Former Prime Minister of Trinidad and Tobago, Kamla Persad-Bissessar, is calling for greater dialogue in the current impasse between Jamaica and the Twin Republic, over reports of Jamaicans being denied entry into the country. Speaking briefly during an event in Lauderhill last Thursday, opposition leader Persad-Bissessar says maintaining CARICOM unity is critical.
“We are not just Jamaican and Trinbagonian, we are CARICOM nationals,” said Persad-Bissessar. “We have a greater duty of care on the part of each of our states, and to ensure that we give that CARICOM status. We are like family.”
Persad-Bissessar, however, defended Trinidadian’s rights to enforce its own regulations within CARICOM laws.
“This conversation should be one of dialogue and negotiations.” said Persad-Bissessar. “It is a two way street, and every country has its sovereign borders and its sovereignty, therefore from those who are entering our country, as they enter any other country, there must be an understanding that there is certain conditions that need to be met.”
This follows recent news reports of Jamaican citizens being denied entry into Trinidad and Tobago. Denial of entry would technically defy the traveling rights specified under the CARICOM Single Market (CSME), which guaranteed the all qualified CARICOM national can live and work in any CARICOM state that participates in the Free Movement regime without the need for a work permit.
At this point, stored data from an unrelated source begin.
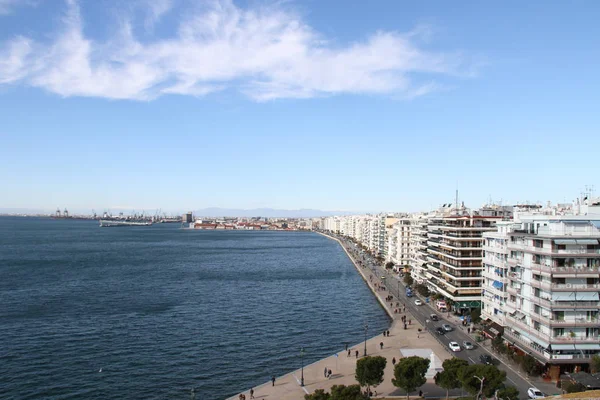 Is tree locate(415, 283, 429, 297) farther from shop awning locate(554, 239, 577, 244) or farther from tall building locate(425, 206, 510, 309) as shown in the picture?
shop awning locate(554, 239, 577, 244)

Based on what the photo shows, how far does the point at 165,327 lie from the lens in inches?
1847

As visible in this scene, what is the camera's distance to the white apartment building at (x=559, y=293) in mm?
29781

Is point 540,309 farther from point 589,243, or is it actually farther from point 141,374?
point 141,374

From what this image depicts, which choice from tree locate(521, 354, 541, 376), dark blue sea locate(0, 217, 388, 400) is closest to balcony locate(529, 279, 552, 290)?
tree locate(521, 354, 541, 376)

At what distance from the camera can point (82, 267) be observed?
298 feet

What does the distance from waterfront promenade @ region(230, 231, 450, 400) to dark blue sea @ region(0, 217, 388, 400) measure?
2177 millimetres

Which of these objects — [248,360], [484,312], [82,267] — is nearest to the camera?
[248,360]

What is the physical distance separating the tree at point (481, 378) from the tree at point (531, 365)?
244 inches

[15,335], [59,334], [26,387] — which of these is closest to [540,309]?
[26,387]

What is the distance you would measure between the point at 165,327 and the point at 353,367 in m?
21.2

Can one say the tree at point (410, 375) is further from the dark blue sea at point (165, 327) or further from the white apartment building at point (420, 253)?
the white apartment building at point (420, 253)

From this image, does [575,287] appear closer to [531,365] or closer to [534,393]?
[531,365]

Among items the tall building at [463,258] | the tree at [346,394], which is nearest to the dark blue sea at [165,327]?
the tall building at [463,258]

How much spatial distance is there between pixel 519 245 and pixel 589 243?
4750 millimetres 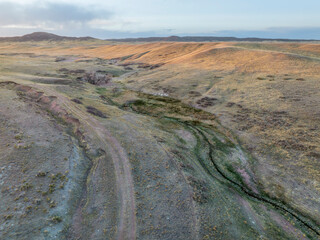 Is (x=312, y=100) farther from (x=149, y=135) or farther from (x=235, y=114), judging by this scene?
(x=149, y=135)

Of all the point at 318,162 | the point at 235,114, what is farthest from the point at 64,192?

|However, the Trinidadian Ministry of Foreign Affairs says the Jamaicans in question were denied entry based on Section 8 (1) (h) of the Immigration Act, which allows the country to deny entry to any persons deemed likely to become charges on public funds.|
In response, President of the Private Sector Organization of Jamaica (PSOJ) William Mahfood called for a boycott on Trinidadian goods until Trinidad honors its obligations under the CSME, while some opposition legislators called for the situation to be brought before the Caribbean Court of Justice. With a bilateral meeting held last week between Jamaican and Trinidad and Tobago, both governments say they will continue to meet until a resolution is found on both ends.